Feel free to add any other "noir Moms" that come to mind.
The perfect Mother’s Day noir?
Posted by Don Malcolm on 5/12/2019, 9:00 am
Is it MILDRED PIERCE, as extolled by Alan Rode in his press quotes for the Art Lyons Palm Springs noir fest? Long-suffering Joan has more in common with mothers in straight-out melodrama were it not for her capitalist mania for success, perhaps the first of her kind, the woman who “wants to have it all.”
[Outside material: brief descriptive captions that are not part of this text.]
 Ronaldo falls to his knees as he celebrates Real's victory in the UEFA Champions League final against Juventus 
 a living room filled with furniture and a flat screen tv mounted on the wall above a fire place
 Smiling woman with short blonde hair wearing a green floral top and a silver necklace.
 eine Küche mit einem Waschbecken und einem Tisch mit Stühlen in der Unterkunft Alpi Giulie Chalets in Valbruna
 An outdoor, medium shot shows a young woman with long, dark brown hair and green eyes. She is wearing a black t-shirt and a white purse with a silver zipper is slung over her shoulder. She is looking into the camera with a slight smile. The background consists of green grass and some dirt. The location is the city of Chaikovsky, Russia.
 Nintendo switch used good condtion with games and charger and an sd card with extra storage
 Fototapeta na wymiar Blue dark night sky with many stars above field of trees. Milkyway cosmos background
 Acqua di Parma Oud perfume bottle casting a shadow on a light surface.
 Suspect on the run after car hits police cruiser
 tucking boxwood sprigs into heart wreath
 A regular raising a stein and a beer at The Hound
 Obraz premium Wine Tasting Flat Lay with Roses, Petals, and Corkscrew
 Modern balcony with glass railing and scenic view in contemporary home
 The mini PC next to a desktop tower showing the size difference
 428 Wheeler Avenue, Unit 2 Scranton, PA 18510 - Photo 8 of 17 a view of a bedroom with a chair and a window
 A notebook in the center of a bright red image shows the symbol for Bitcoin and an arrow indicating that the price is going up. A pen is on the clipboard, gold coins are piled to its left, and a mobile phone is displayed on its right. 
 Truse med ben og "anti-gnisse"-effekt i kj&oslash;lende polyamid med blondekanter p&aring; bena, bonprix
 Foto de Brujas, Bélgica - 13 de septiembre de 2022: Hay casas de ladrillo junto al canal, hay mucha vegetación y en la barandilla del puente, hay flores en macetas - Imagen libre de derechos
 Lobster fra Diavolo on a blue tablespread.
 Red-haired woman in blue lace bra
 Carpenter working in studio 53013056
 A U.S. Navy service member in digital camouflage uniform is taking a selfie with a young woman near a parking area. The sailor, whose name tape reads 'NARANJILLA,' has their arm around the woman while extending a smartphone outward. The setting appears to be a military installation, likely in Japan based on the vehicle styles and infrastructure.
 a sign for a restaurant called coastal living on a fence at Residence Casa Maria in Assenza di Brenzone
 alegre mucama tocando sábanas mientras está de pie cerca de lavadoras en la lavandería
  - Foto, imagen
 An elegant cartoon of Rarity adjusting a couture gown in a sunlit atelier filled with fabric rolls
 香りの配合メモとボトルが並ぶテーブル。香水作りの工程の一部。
Or is it, as Eddie M. suggests, WHITE HEAT, where Margaret Wycherley manages to raise the most psychotic “mama’s boy” in noir (James Cagney as Cody Jarrett)? “Momism” in America, as famously critiqued by Philip Wylie, may well have its most harrowing portrayal here.
I don’t get the impression that Mother’s Day (second Sunday in May) has beckne a world-wide holiday, but for my money the best noir for such a day is a film with not one, but TWO highly cautionary maternal figures: VOICI LE TEMPS DES ASSASSINS, where Lucienne Bogaert and Germaine Kerjean show motherhood as an instrument for repression and revenge.
But surely there are other examples, even in a universe where motherhood is quite often the furthest thing from a woman’s mind. (After all, who really wants stretch marks?) Feel free to list other notable mothers in noir right here.
Oh, yes: Happy Mother’s Day to ALL you mothers out there!! :-)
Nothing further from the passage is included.